The uncomfortable truth about algorithmic bias
Led by moderator Megan Rose Dickey, a recent panel at TechCrunch Disrupt SF focused on dismantling algorithmic bias. In short, it is within the realm of mathematical possibility, but is a time-intensive pursuit, according to panelist Brian Brackeen, CEO of the facial recognition startup Kairos.
The simplest definition of an algorithm, courtesy of Slate, is a set of guidelines that describe how to perform a task. Algorithms have infiltrated nearly every aspect of our lives, particularly in the information that is made available to and about us. This, of course, makes it even more of an imperative to remove the bias that inevitably informed the development of these algorithms.
Unbiased algorithms require accurate data from people of all demographics by virtually every grouping imaginable. As of now, algorithms are mostly skilled at identifying “pale males” and for other groups — women, people from different ethnicities —they falter, as Brackeen explained.
“They can be putting you in a lineup that you shouldn’t be in. They could be saying that this person is a criminal when they’re not.”
Yet even a completely accurate model is not without pitfalls. The panel discussed the increased stakes in matters of liberty and freedom. An algorithmic error in a business case (e.g., a misidentified speaker at a event) is one thing, but the sam mistake made by a government program could have grave consequences.
“They can be putting you in a lineup that you shouldn’t be in," Bracken told the panel. "They could be saying that this person is a criminal when they’re not.”
For these reason, he asserts that law enforcement should never employ facial recognition.
Kristian Lum, the lead statistician for the Human Rights Data Analysis Group (HRDAG), pointed out that even a model generating 100 percent perfect mathematical predictions wouldn't be exempt from institutional bias.

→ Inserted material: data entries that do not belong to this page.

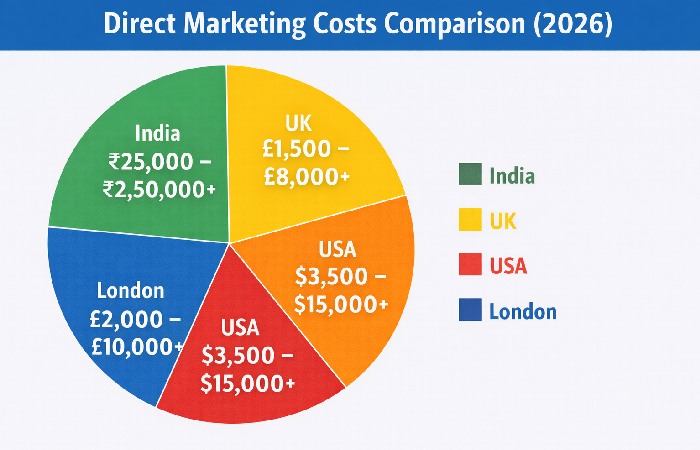 Price of India Direct Marketing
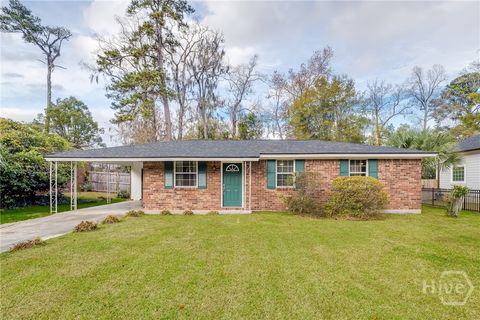 Photo of 34 Alpine Drive, Savannah, GA 31405 (MLS # SA345397)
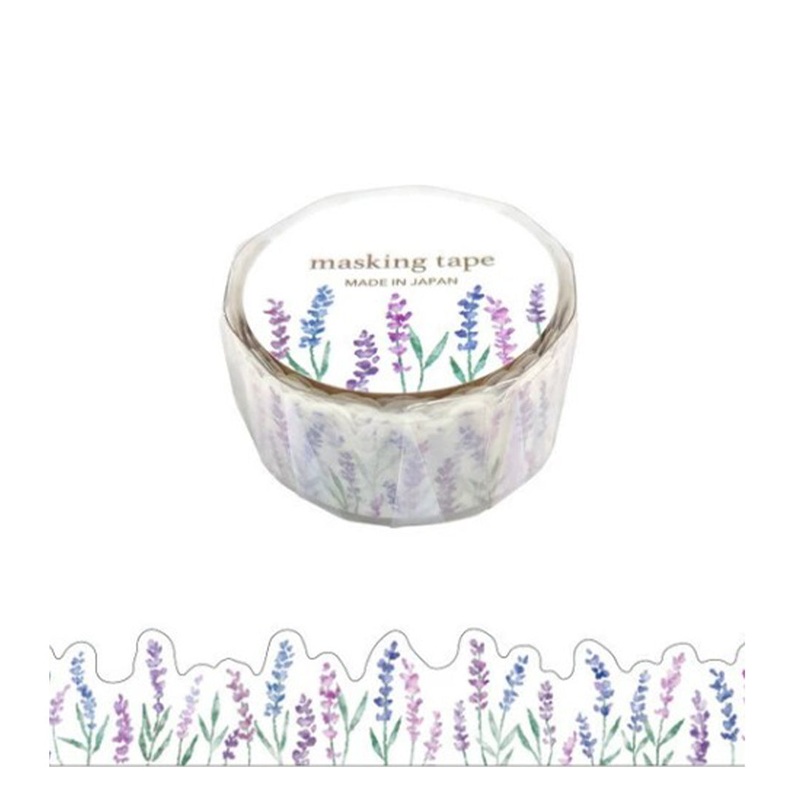 Mind Wave Washi Tape Lavender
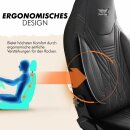 Sitzbez&uuml;ge (Pilot) passend f&uuml;r Peugeot 3008 in Schwarz 850P001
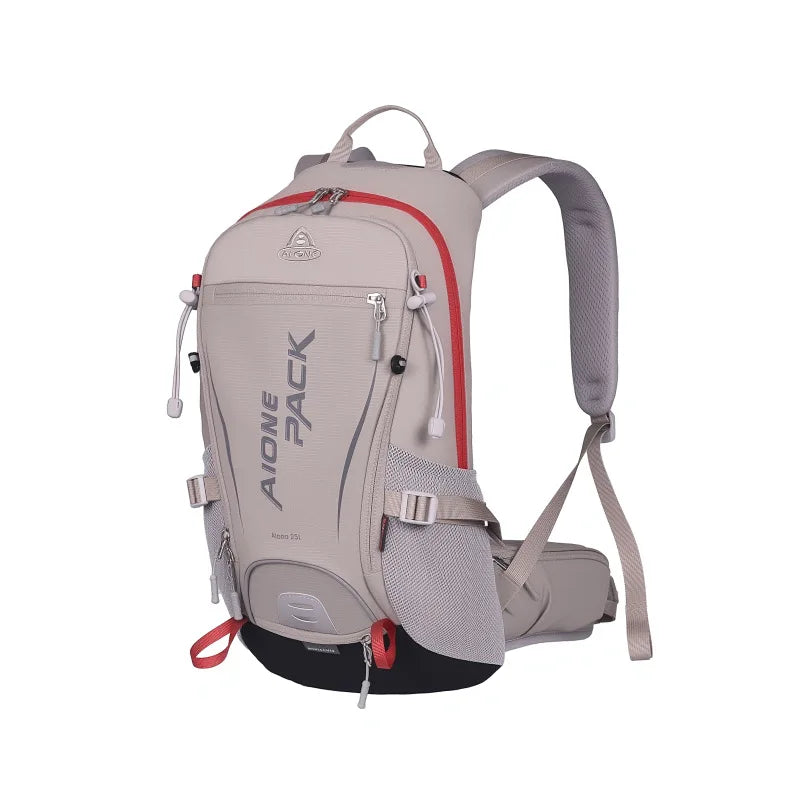 Aione Lightweight Hiking Backpack 25L Hiking Daypack Lightweight Cycling Backpack, Breathable Day Pack Backpacking for Women Men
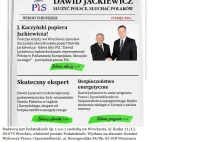 Jak jedni z popierających ciszę wyborczą (PiS) sami jej przestrzegają?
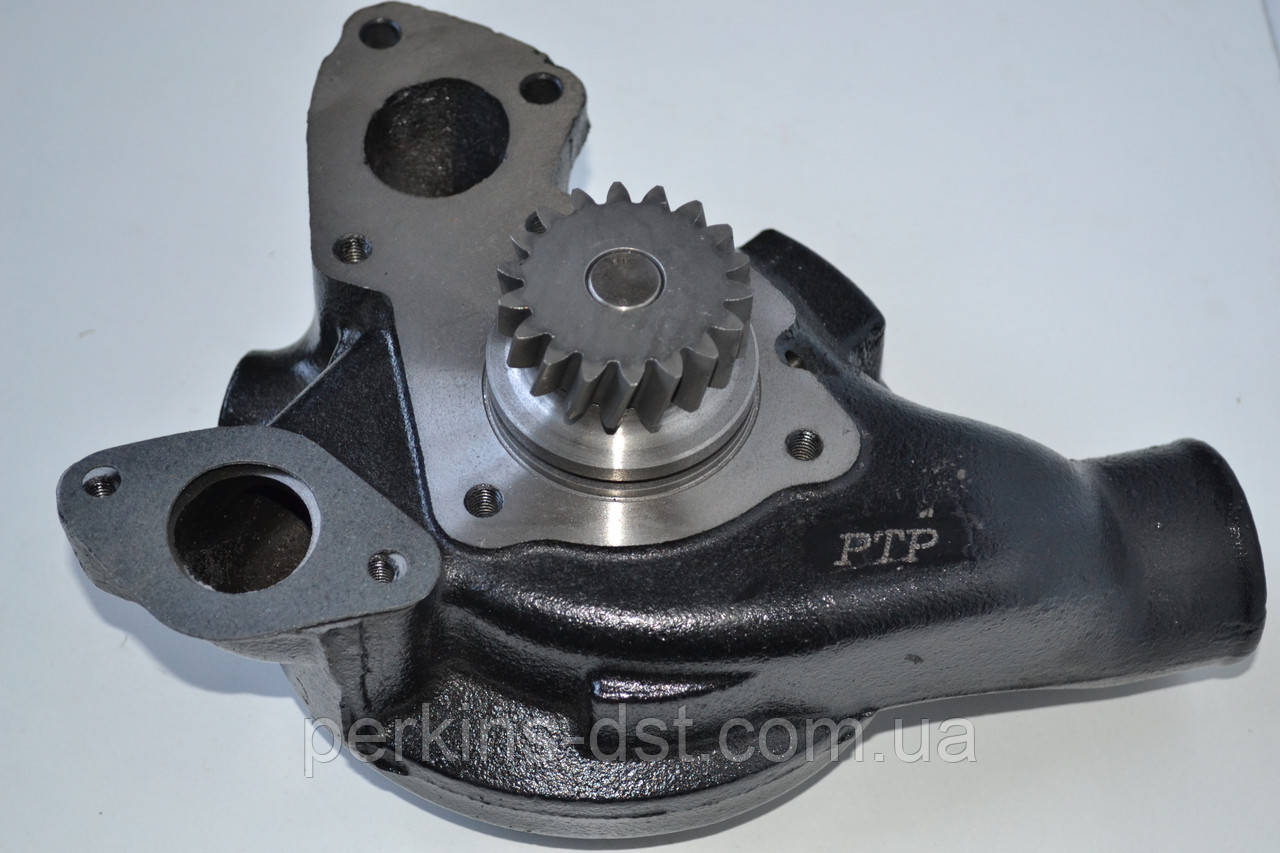 Водяной насос (помпа) для двигателя Perkins 1004.4: продажа, цена в ...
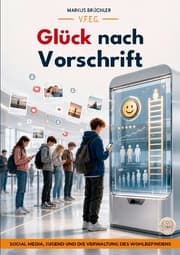 Cover von Glück nach Vorschrift (Ein V.F.E.G.-Buch)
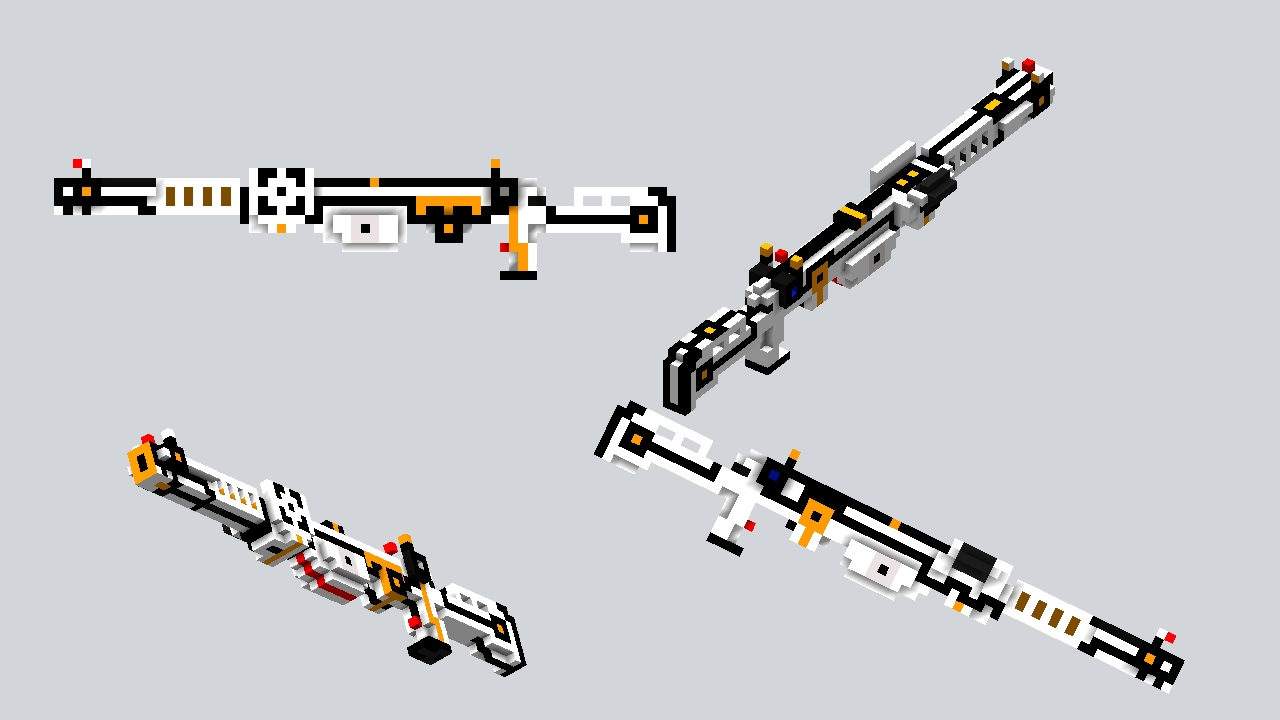Heavy machine gun T-1E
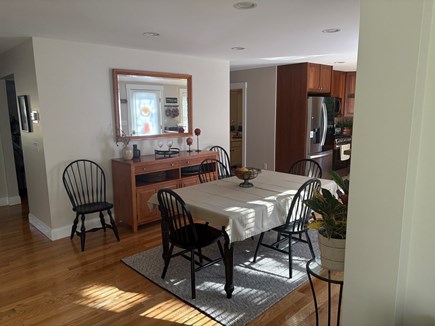 Oak Bluffs Martha's Vineyard vacation rental - Dining area--seats up to 8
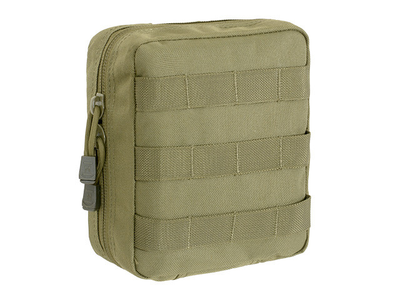 Большой подсумок общего назначания Molle - Olive [8FIELDS]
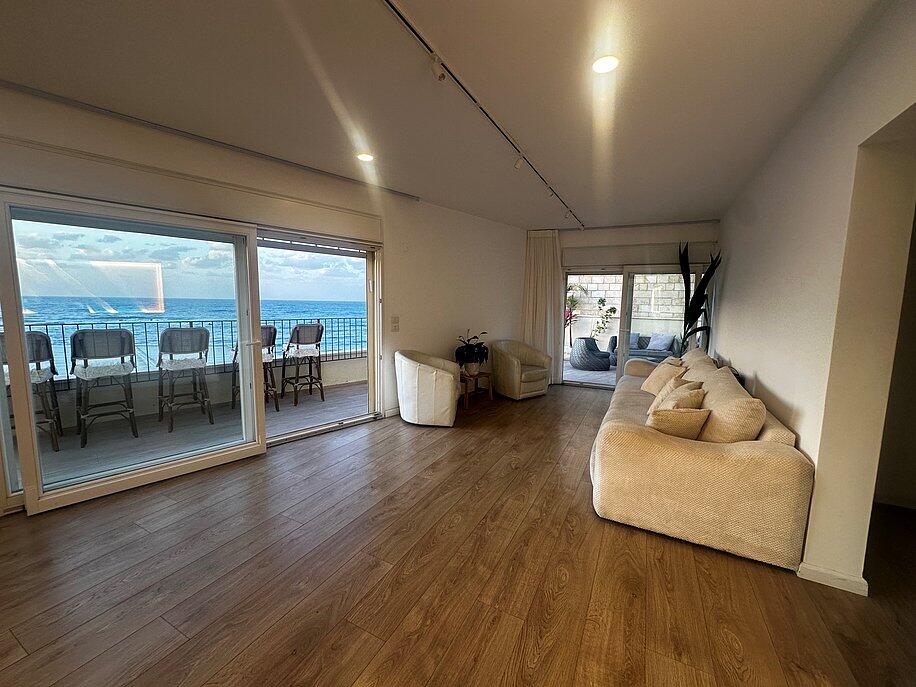 גורדונס - גג על הים מרכז  4  לופט לנד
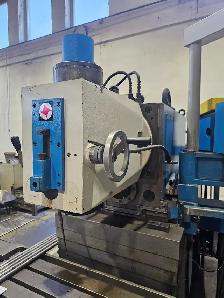 TOS Kuřim FGS 50/63 Console Milling Machine, Milton ON - Photo 3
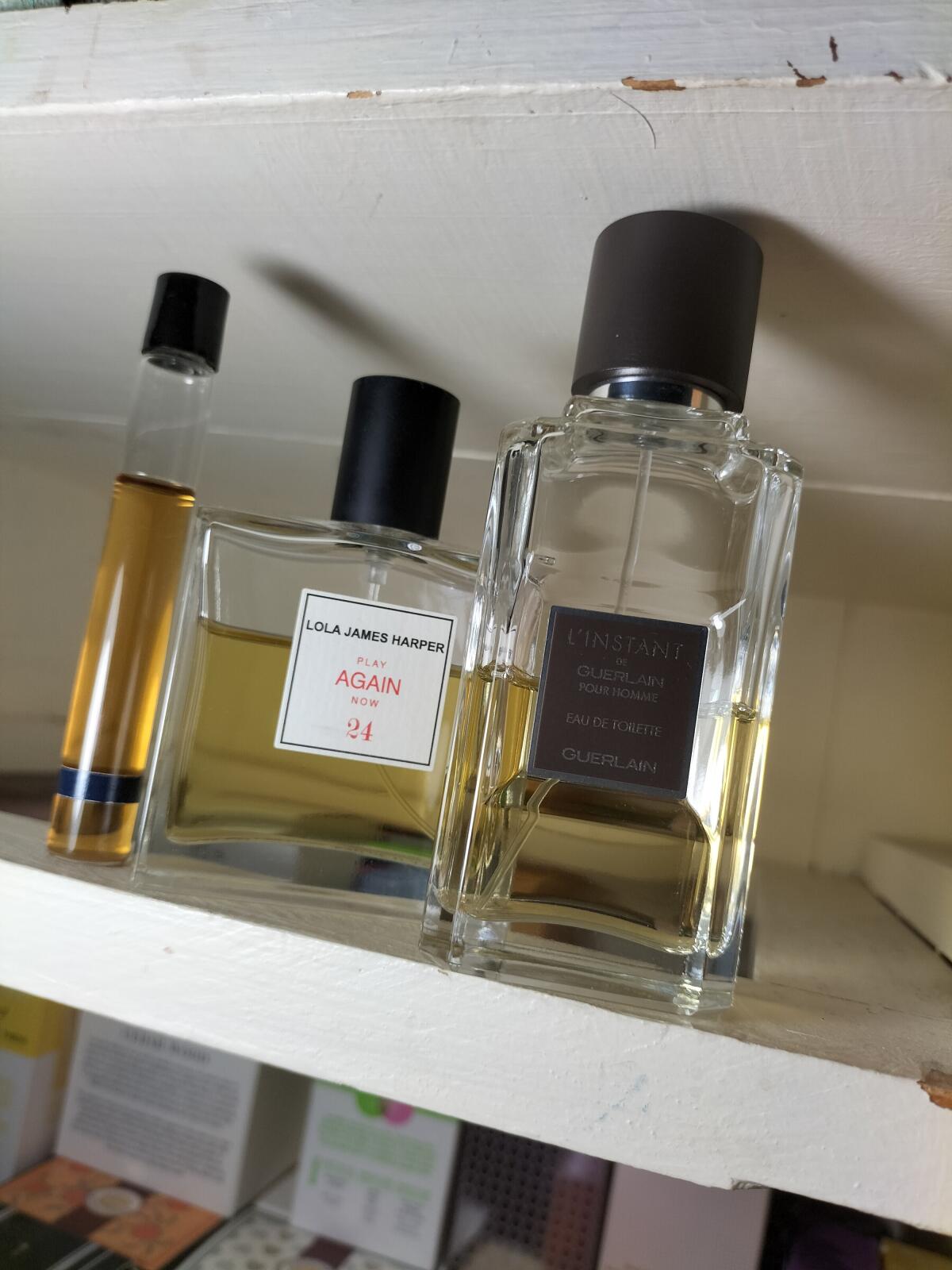 تصویر عطر ایندگو آور مدرن لایوز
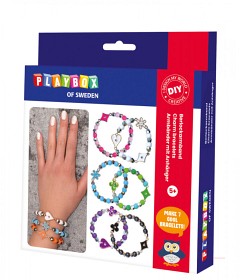 Bild på Playbox Pysselset Berlockarmband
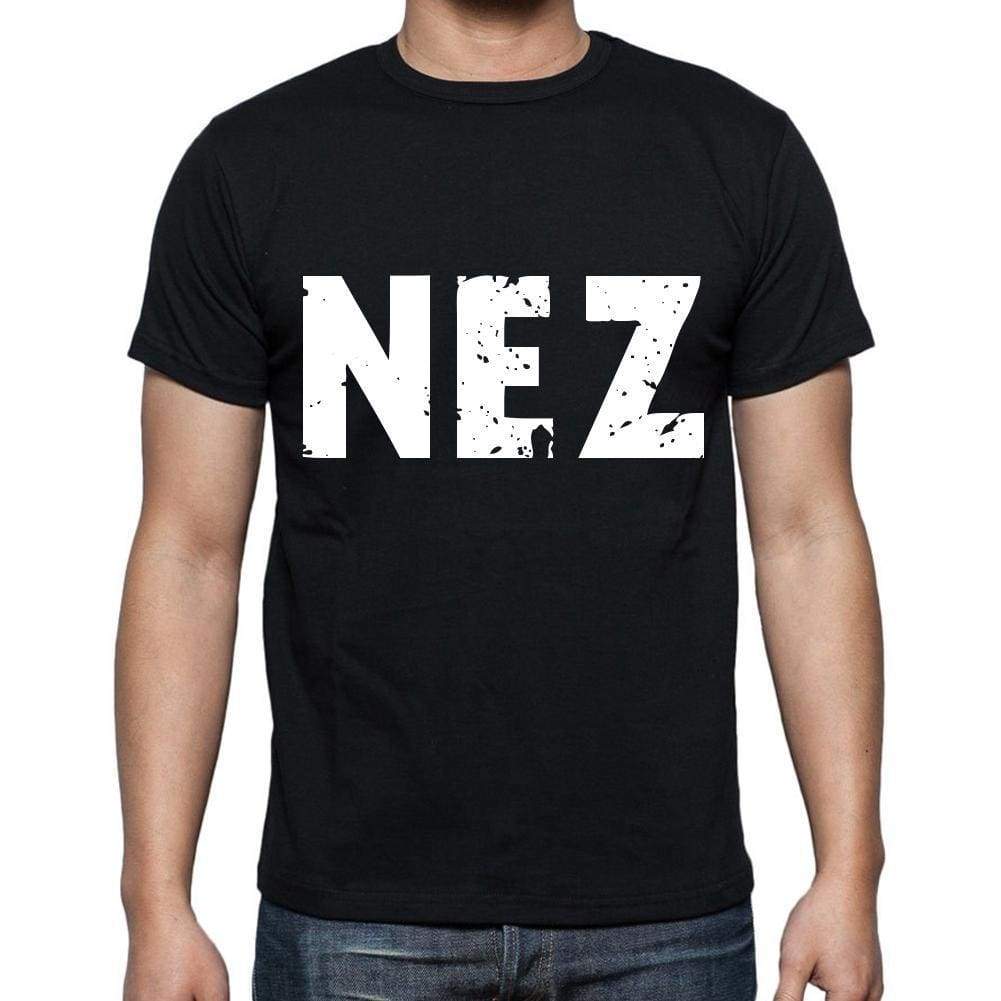Nez Men T Shirts Short Sleeve T Shirts Men Tee Shirts For Men Cotton 00019 - Casual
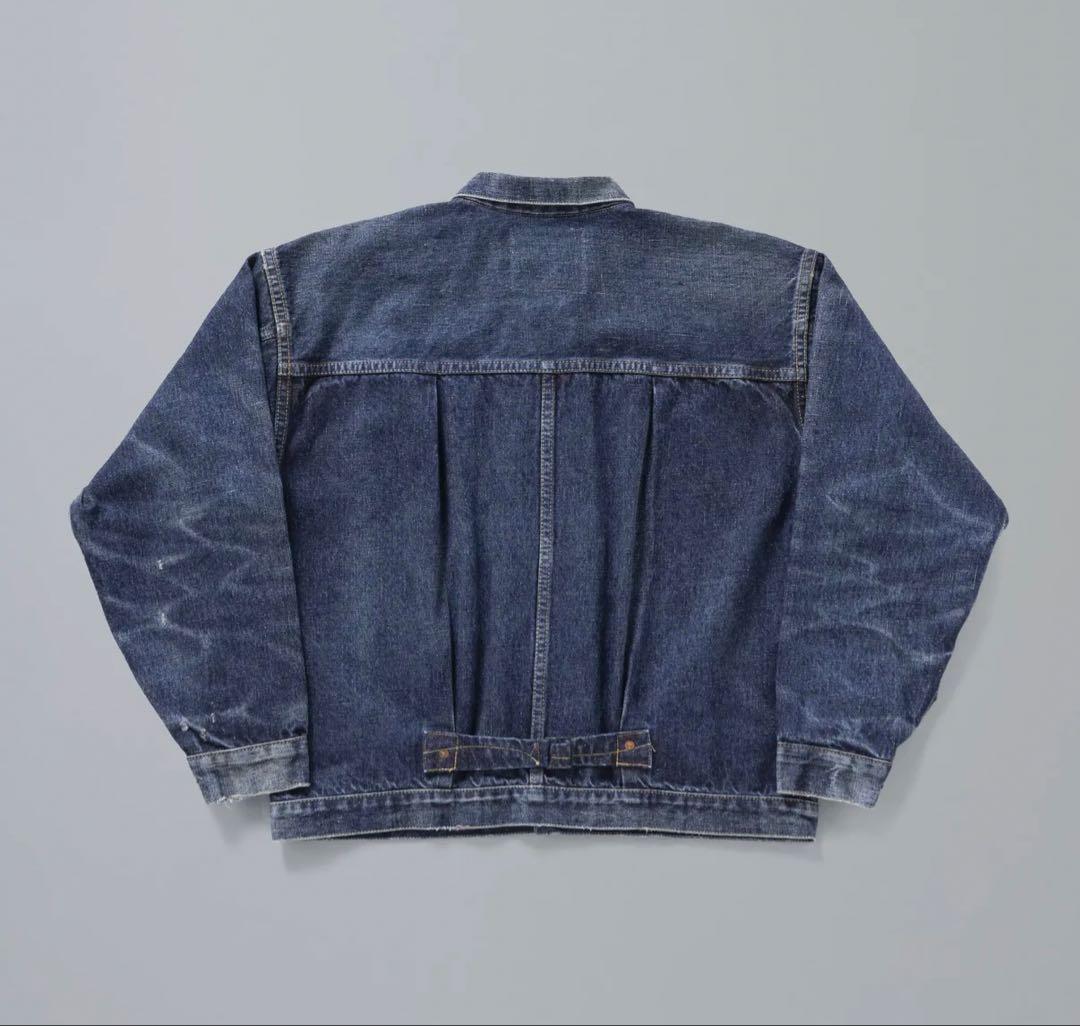 New Manual #029 WWⅡ LV T-BACK JACKET 大戦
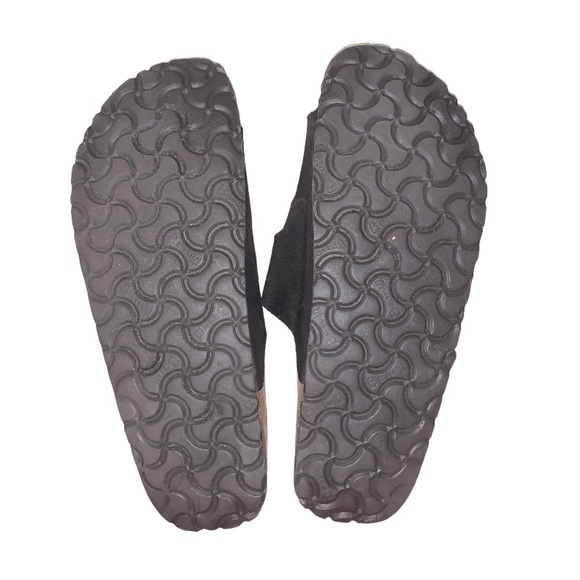 BETULA BY Birkenstock brown suede sandals women’s size 10 - Picture 7 of 13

“Usually, the thing you’re trying to predict in a lot of these cases is something like rearrest,” Lum said. “So even if we are perfectly able to predict that, we’re still left with the problem that the human or systemic or institutional biases are generating biased arrests. And so, you still have to contextualize even your 100 percent accuracy with, 'Is the data really measuring what you think it’s measuring? Is the data itself generated by a fair process?'”
Patrick Ball, director of research at HRDAG, concurred with Lum, adding the only way a fair machine learning system can be built is “in a society of perfect surveillance so that there is absolute police knowledge about every single crime so that nothing is excluded.”
Ruling that out as a chilling alternative, Ball suggested the answer may be less in machine learning and more in police reform.
“For fair predictions, you first need a fair criminal justice system," he said. "And we have a ways to go.”